In the records that follow, find the line containing "So are these" and the line containing "So what's going", then transcribe both and every line between them exactly, omitting pictures.

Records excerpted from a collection
=== Begin Enclosure ===
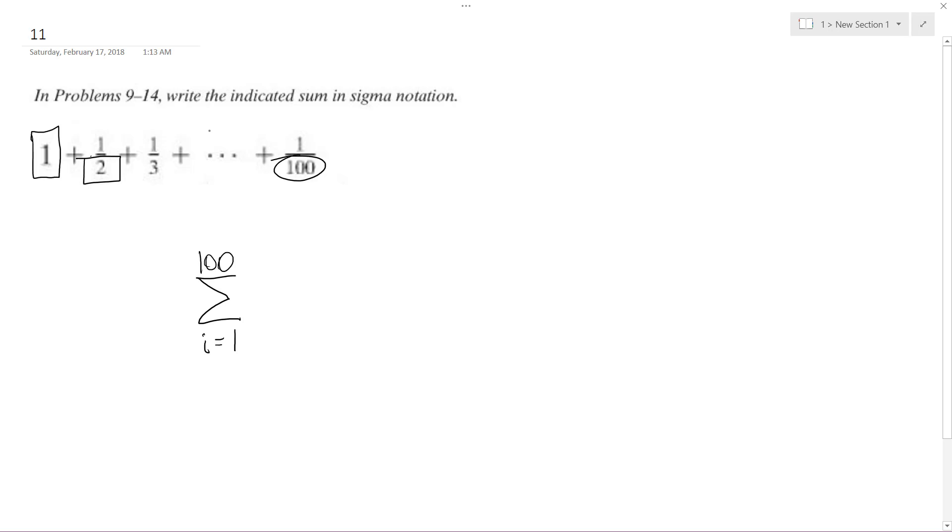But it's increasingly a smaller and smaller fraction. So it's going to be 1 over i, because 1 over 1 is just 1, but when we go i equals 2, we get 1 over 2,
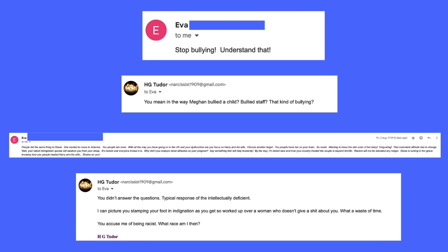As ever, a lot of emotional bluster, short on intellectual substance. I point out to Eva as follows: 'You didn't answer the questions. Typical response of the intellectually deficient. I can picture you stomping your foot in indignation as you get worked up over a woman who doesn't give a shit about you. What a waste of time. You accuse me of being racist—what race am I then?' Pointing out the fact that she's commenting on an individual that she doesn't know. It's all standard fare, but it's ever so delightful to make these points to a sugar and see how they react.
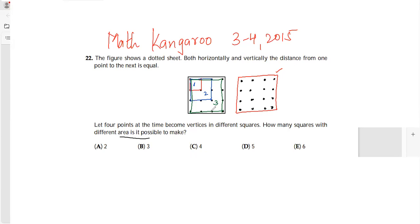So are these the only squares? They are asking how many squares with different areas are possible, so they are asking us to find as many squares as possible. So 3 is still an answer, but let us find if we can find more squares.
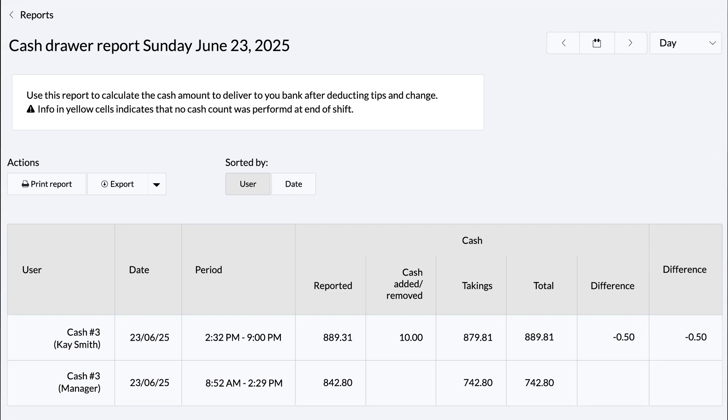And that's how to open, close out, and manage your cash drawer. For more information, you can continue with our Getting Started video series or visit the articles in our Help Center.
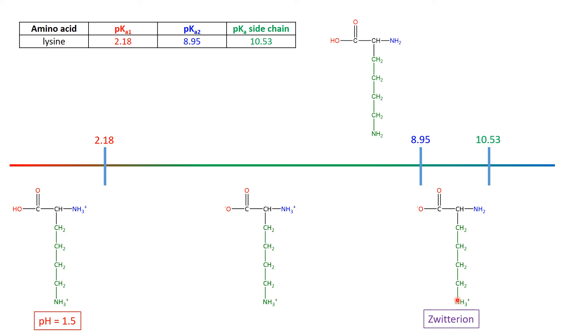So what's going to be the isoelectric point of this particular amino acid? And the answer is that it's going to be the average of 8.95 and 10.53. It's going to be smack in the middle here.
=== End Enclosure ===
=== Begin Enclosure ===
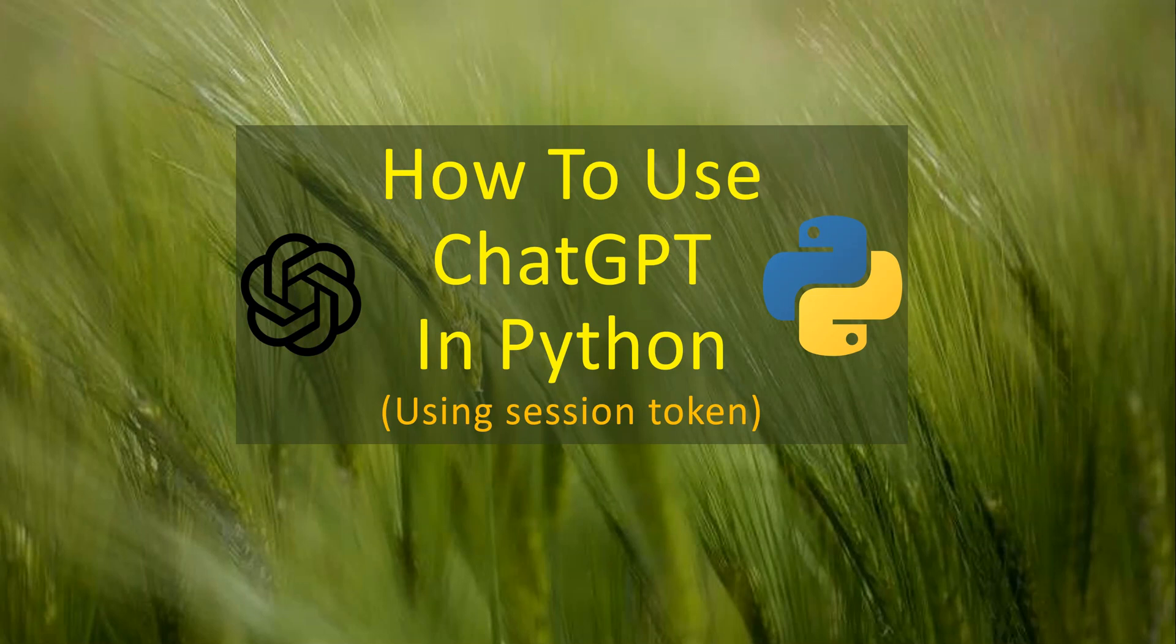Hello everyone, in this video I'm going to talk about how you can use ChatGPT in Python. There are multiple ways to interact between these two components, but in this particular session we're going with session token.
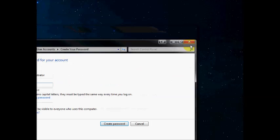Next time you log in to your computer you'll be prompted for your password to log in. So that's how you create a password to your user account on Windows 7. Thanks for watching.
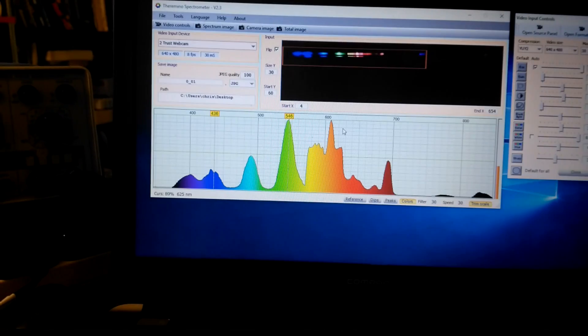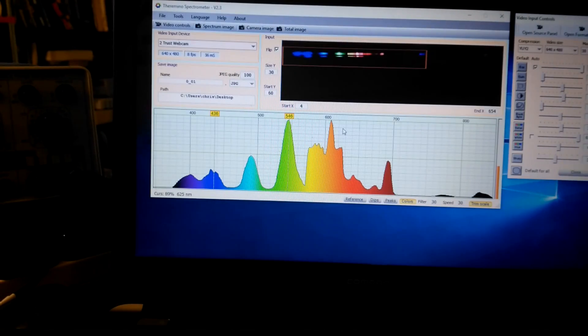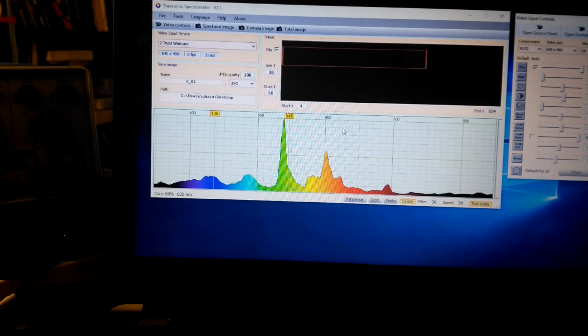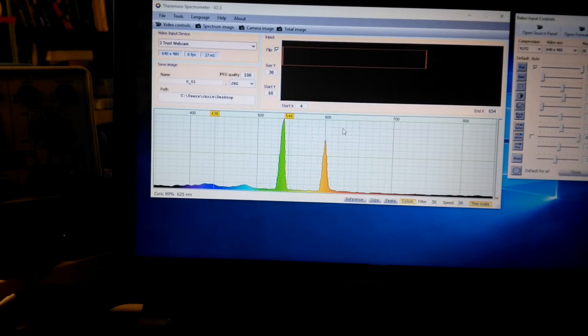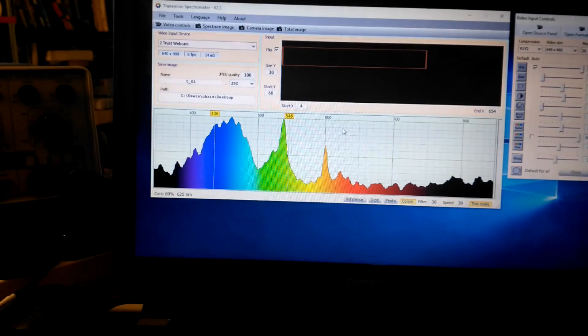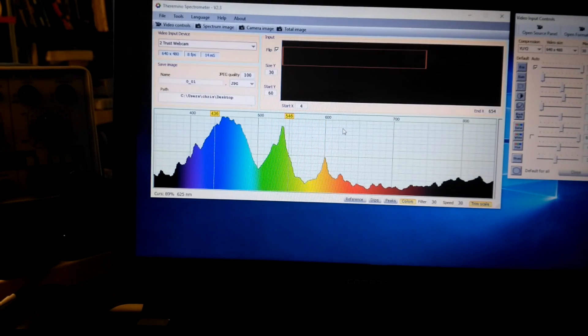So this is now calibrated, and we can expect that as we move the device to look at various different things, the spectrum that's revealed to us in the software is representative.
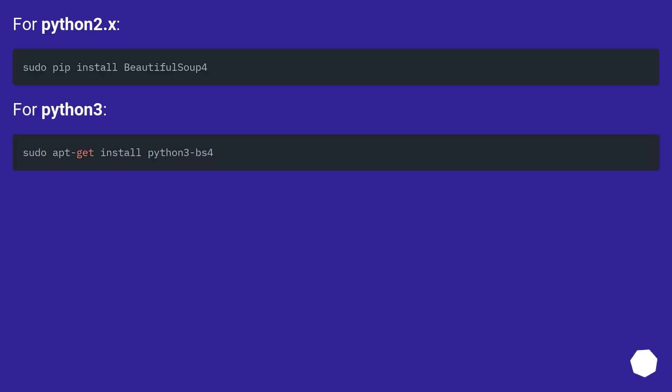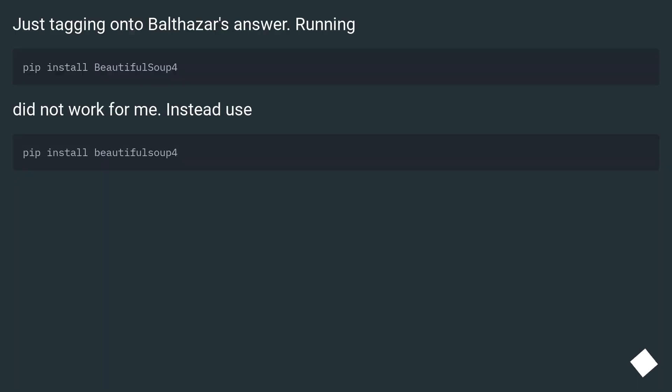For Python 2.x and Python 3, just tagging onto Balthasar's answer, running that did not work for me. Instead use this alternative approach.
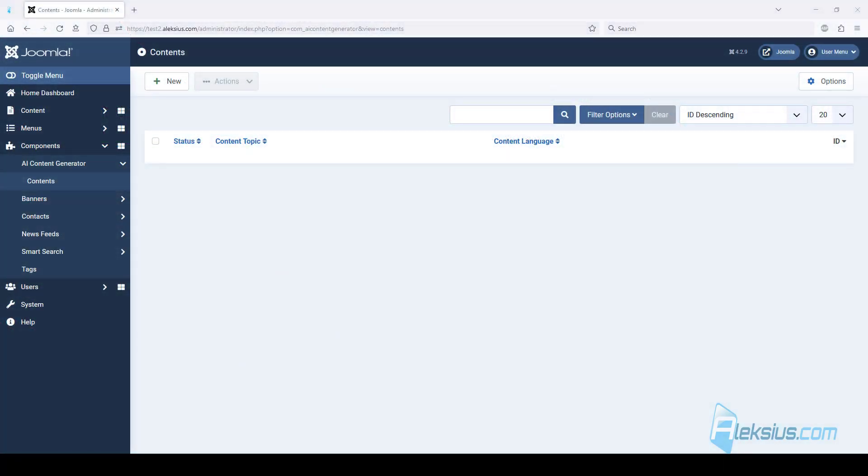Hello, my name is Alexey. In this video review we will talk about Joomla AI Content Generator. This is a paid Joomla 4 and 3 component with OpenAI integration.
=== End Enclosure ===
### [RESULT OF THE EXERCISE]
So are these the only squares? They are asking how many squares with different areas are possible, so they are asking us to find as many squares as possible. So 3 is still an answer, but let us find if we can find more squares.
And that's how to open, close out, and manage your cash drawer. For more information, you can continue with our Getting Started video series or visit the articles in our Help Center.
So what's going to be the isoelectric point of this particular amino acid? And the answer is that it's going to be the average of 8.95 and 10.53. It's going to be smack in the middle here.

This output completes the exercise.